Listening last spring to our visiting Scarff Professor, George Rupp’s lecture on campus, I wondered whether recommitment to the goals of learning, intellectual openness, growth, and human development might be only part of the task that faces us at Lawrence, and colleges across the country, as we prepare our students to be global citizens in this difficult world. When I attended this lecture I was not entirely open to new understanding, as the Buddhist teachings suggest. I joined the session to fulfill my role as host, hoping to spend more time with my longtime colleagues George and his wife Nancy. But what I heard was a deep and sophisticated critique of western individualism, which Rupp believes, is preventing the United States and other western countries from providing leadership to find solutions to global problems.
In Beyond Individualism: The Challenge of Inclusive Communities, Rupp speaks from his experience as dean of the divinity school at Harvard, president of Rice and Columbia, and most recently president of the International Rescue Committee, the largest refugee resettlement organization in the world.
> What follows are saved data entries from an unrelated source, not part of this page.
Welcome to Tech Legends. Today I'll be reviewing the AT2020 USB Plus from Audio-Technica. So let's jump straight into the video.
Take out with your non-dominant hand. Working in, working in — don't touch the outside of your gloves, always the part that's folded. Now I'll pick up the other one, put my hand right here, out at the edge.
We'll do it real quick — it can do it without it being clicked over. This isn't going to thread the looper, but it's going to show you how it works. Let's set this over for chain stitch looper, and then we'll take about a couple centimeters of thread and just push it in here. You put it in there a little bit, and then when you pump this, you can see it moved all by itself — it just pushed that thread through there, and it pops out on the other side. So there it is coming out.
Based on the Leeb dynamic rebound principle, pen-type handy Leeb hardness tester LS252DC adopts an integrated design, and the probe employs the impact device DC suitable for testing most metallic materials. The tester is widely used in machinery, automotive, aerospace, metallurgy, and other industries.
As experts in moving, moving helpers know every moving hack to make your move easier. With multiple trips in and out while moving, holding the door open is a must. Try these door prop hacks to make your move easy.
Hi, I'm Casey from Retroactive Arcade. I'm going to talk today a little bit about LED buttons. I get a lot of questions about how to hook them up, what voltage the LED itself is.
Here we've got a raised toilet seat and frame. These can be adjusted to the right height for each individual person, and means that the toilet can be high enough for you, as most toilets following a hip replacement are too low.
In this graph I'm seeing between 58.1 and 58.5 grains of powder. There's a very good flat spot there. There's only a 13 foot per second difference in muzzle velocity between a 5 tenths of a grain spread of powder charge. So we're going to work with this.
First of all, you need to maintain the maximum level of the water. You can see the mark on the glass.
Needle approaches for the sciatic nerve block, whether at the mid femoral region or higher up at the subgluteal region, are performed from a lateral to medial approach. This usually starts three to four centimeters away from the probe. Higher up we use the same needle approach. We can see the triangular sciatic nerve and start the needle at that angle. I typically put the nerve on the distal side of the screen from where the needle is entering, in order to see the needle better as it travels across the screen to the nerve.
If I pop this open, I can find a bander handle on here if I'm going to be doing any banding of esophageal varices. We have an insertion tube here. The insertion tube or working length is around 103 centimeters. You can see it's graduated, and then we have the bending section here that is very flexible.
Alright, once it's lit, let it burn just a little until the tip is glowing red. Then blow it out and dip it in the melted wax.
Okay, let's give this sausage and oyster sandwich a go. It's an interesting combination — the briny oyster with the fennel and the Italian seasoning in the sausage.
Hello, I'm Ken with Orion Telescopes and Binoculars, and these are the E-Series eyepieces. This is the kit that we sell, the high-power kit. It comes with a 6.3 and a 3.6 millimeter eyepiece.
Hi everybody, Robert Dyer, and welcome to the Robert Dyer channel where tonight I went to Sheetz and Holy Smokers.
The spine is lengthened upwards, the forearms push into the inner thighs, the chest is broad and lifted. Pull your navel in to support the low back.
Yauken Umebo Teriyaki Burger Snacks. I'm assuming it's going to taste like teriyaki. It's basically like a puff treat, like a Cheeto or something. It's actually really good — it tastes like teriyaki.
He writes: “to put the overall argument bluntly, the modern Western individualism so many of us (including me) know and love has led us into a global dead end – or, to mix metaphors for a slightly more positive image, to a wide channel so shallow that it is tough to navigate without running aground.” Rupp believes this primarily secular focus on the self prevents us from understanding the deep roots of community that form the framework for many societies around the world.
As you would expect given his experiences and commitments, Rupp is passionate about the role education can play in changing this dynamic. He hopes that, “one outcome of our education will be that we develop what psychologists call ‘tolerance of ambiguity’.” Not certainty, not knowledge, but ambiguity. He believes that “We need to compare what is generally accepted here and now, with what has been different elsewhere or might one day be different here. Such constructive criticism is the opposite of cynicism. It is engaged. It searches. It cares.” He wants us to foster learning environments that help us “To engage in a lover’s quarrel with our world, a quarrel that expresses restlessness with what is, on behalf of what might be.” Can we sustain this “lover’s quarrel” and also provide a welcoming and supportive community for all of our members?
Like hundreds of other college presidents this fall, I wish I could offer you more answers, fewer questions today. But I believe we are in the heart of an important process that requires all of us to move forward. I believe you join me in the desire to feel confident again in the strength of our community to support all its members. I believe we all desire to strengthen the rigorous and challenging education that is a hallmark of the Lawrence experience. We need to trust that we are together in this process. I know we have what it takes to recreate our learning community to meet our aspirations. This challenge need not weaken us. Rather, we are strengthened by the shared search for new and better answers.
Finally, I thought back to my own liberal arts education and the impact it has had on my life and choices I have made. As a history major at Vassar, I was required to take at least one class beyond the staple of European and American history offerings. My first foray in this direction, which at best I came to ambivalently, was a course on modern African history. As we at Lawrence would hope, the course turned into one of the most important of my undergraduate career. Through this survey course I fell in love with the nation-building period, especially with Leopold Senghor and Julius Nyerere, the first leaders of Senegal and Tanzania. Senghor’s combination of literary and political mind, and Nyerere’s steadfast vision for his nation and
people inspired hope and awe in me.
In his 1971 commencement address at University of Vermont upon receiving an honorary degree, Senghor spoke movingly of the promise of America: “ . . . you have all the necessary ingredients, it is you who can give it a truly universal dimension. Your population is composed of every major European and Asian ethnic group, but even more important, those from Africa as well . . . Thus it is the Americans, more particularly the United States, which already anticipates the world of the twenty-first century and holds in its strong but faltering hands not only its own destiny, but the destiny of the entire world.” Senghor’s life, in two worlds, African nation building and French culture, led him to an understanding of the promise we still need to realize.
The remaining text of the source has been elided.